トム・ホランド、アン・ハサウェイもジブリ声優? 海外吹替版の意外なキャスティング

 3月22日、日本テレビ系『金曜ロードショー』で、宮﨑駿が脚本・監督を手掛けた『魔女の宅急便』(2014年)が放送される。同監督の『君たちはどう生きるか』(2023年)が、米アカデミー賞で長編アニメーション賞を受賞したことで話題を呼んでいるが、スタジオジブリ作品の英語吹替版声優には、数多くのハリウッドスターたちがキャスティングされていることをご存じだろうか。

 13歳の魔女・キキが、一人前の魔女になるために、知らない街で一人暮らしをしながら、唯一の特技である空飛ぶ魔法を使って「お届け屋さん」を始める『魔女の宅急便』。キキは初めての一人暮らしに奮闘し、素敵な出会いに胸を膨らませながらも、小さな挫折も経験する。そんなキキの姿にエールを送りたくなる本作は、この春、新生活をスタートさせる人や、同じような経験がある人が思わず共感する、優しさと幸せに満ちた物語だ。

『魔女の宅急便』©1989 角野栄子・Studio Ghibli・N

 高山みなみがキキの声優を務めた『魔女の宅急便』の英語版では、2002年からの『スパイダーマン』シリーズでメリー・ジェーン(MJ)を演じたキルスティン・ダンストがキキの声を演じている。彼女は、『パワー・オブ・ザ・ドッグ』(2021年)でアカデミー賞助演女優賞にノミネートされたハリウッドの有名俳優だ。

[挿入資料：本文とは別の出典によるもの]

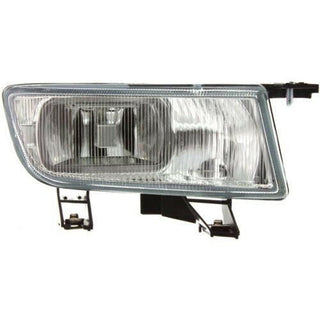 1999-2001 Saab 9-5 Fog Lamp RH, Assembly.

 前出の『君たちはどう生きるか』は、母を火事で亡くし、父・勝一の故郷へ引っ越した11歳の眞人が、謎めいた青サギと出会い、生と死が一体となった世界に迷い込んでいく物語。本作のアカデミー賞受賞を記念して、3月20日から英語版が日本で上映されている。菅田将暉が声を演じた青サギを、英語版では『TENET テネット』(2020年)、『THE BATMAN-ザ・バットマン-』(2022年)のロバート・パティンソンが演じた。

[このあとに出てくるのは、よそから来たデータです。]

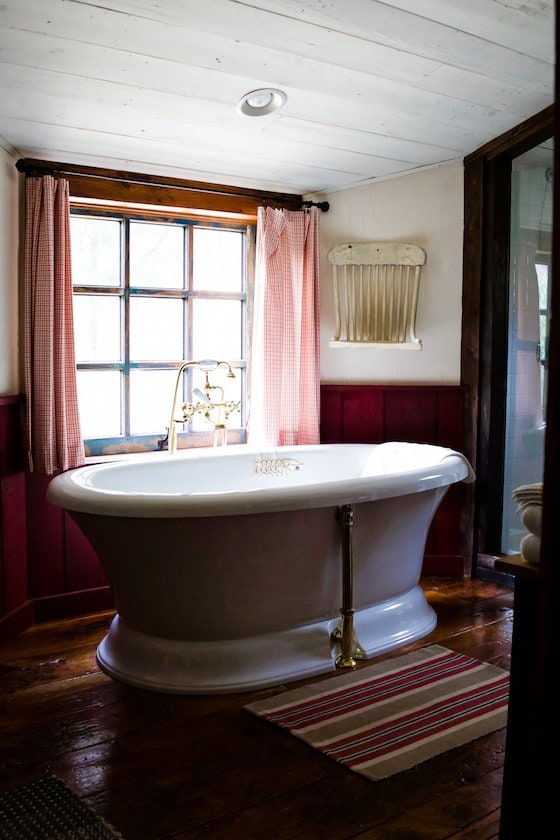 A Winter Retreat At Old Edwards Inn And Spa In Highlands, Nc A Winter Retreat At Old Edwards Inn And Spa In Highlands, Nc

『君たちはどう生きるか』©2023 Studio Ghibli

 ほかにも、勝一の声を『ダークナイト』(2008年)シリーズのクリスチャン・ベールが演じており、さらに『哀れなるものたち』(2023年)のウィレム・デフォー、『デューン 砂の惑星PART2』(2024年)のフローレンス・ピューらも声の出演をしている。

 クリスチャン・ベールは、『ハウルの動く城』(2004年)でハウルの英語版声優も担当。ハウルも『君たちはどう生きるか』の勝一も、オリジナル版では木村拓哉が声を演じており、2つのジブリ作品で木村の役をベールが演じているというのが興味深い。

『借りぐらしのアリエッティ』©2010 Mary Norton/Keiko Niwa/Studio Ghibli, NDHDMTW

 1952年にイギリスで出版された、メアリー・ノートンの傑作児童文学『床下の小人たち』を原作にした『借りぐらしのアリエッティ』(2010年)のイギリス版には、2017年からの『スパイダーマン』シリーズで人気俳優となったトム・ホランドが、神木隆之介演じる主人公の翔役で参加している。当時14歳だったホランドにとって、初めての映画出演作がジブリ作品だというのは、日本人としてうれしい気持ちになる。